Entrevista:O Estado inteligente

quinta-feira, novembro 06, 2008

O governo banqueiro Rolf Kuntz*

Crise econômica? Falta de liquidez no mercado financeiro? E quem se importa com isso? Com a fusão do Banco Itaú e do Unibanco, fica mais evidente o objetivo principal do governo quando lançou a Medida Provisória (MP) 443: facilitar a expansão do Banco do Brasil (BB) e da Caixa Econômica Federal (CEF). Injetar capital para reativar o crédito foi pouco mais que um pretexto de ocasião. A tarefa de movimentar o mercado vem sendo cumprida, de fato, pelos meios tradicionais: a ação do Banco Central (BC), em várias frentes, e a extensão do Programa de Financiamento de Exportações (Proex) a maior número de empresas.

O debate sobre um prazo de validade para a MP 443, no Congresso, tornou o jogo ainda mais claro. Segundo o líder do PT na Câmara, deputado Maurício Rands (PE), só tem sentido falar em prazo se o objetivo for o combate à crise, por meio do socorro aos bancos menores. Mas, se a intenção do governo for igualar as condições do BB e da CEF às do setor privado - "tratamento isonômico", nas suas palavras -, então não deve haver limitação.

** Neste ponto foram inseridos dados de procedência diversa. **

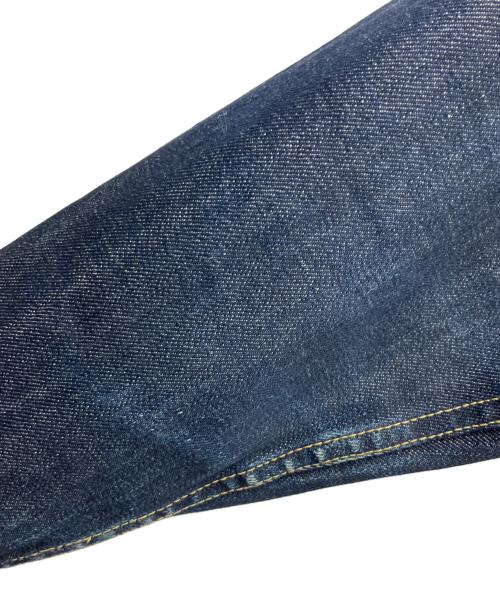 LEVI'S（リーバイス）LEVI'S (リーバイス) デニムジャケット インディゴ サイズ:Mの古着・服飾アイテム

Ao indicar as duas possibilidades, o deputado Maurício Rands manteve uma dúvida no ar, como se a intenção do governo não fosse clara. Ele não mencionou, por exemplo, a exposição de motivos assinada pelo ministro da Fazenda, Guido Mantega, por seu colega do Planejamento, Paulo Bernardo, e pelo presidente do Banco Central, Henrique Meirelles.

Nessa exposição, o objetivo central da MP é declarado logo no início. Diante da crise, segundo os autores do texto, o governo adotou medidas para ampliar a oferta de dólares, expandir a liquidez no mercado interbancário e incentivar a compra de carteiras de instituições pequenas e médias. Não há uma palavra sobre a insuficiência dessas medidas. Mas, no mesmo parágrafo, há uma extensa referência ao assunto principal: "Embora os reflexos da crise no Brasil sejam relativamente limitados em razão da solidez macroeconômica do País e da solidez do sistema financeiro nacional, a contração da liquidez pode estimular um movimento de consolidação financeira no País." Ah, bom, então é isso. O sistema é forte, mas pode se tornar mais concentrado. E daí? Pelas normas em vigor, o BB e a CEF têm restrições para entrar nesse jogo. Isso tem "duas conseqüências indesejáveis: uma menor concorrência entre os potenciais investidores, reduzindo o valor dos ativos negociados, e a eventual perda de oportunidade de expansão das instituições financeiras federais". O importante, obviamente, é a conseqüência número dois. O resto é conversa, como se explica, sem nenhum disfarce, no penúltimo parágrafo do texto: "A relevância e a urgência da medida - que, como já colocado, tem como objetivo igualar as condições de concorrência dos bancos públicos com instituições privadas, nacionais e internacionais, num eventual processo de consolidação do sistema financeiro brasileiro - resultam da própria dinâmica da crise internacional, que abre uma oportunidade para que os bancos públicos se fortaleçam ao mesmo tempo que contribuem para minimizar o impacto das turbulências sobre o sistema financeiro doméstico." Para reduzir as turbulências o BB precisará comprar a Nossa Caixa? E a CEF precisará criar uma subsidiária e entrar no ramo da construção?

A intenção do governo paulista de vender a Nossa Caixa e o desejo do governo federal de comprá-la por meio do BB não têm nenhuma relação com a crise nem com a possível conveniência de se injetar capital em bancos pequenos e médios. Importante, mesmo, para as autoridades federais, é a "oportunidade" mencionada no fim da justificativa.

Curiosamente, a MP 443 foi publicada no Diário Oficial da União de 22 de outubro, na primeira página, sem a exposição de motivos. Não estaria pronta? O governo não teria interesse, naquele momento, em chamar a atenção para seu propósito real? De toda forma, não há mais dúvida a respeito do assunto e os parlamentares deveriam levar em conta esses dados ao avaliar a MP 443.

Se aprovarem o texto e sem fixar prazo nem condições para as compras de ações pelos bancos federais, darão ao governo carta branca para qualquer política de expansão das instituições federais, seja qual for o propósito dessa expansão. Darão ao governo um brinquedo perigoso, tão perigoso quanto o Fundo Soberano - injustificável, neste momento, em vista das condições fiscais e cambiais -, já aprovado na Câmara e ainda sujeito a apreciação pelos senadores.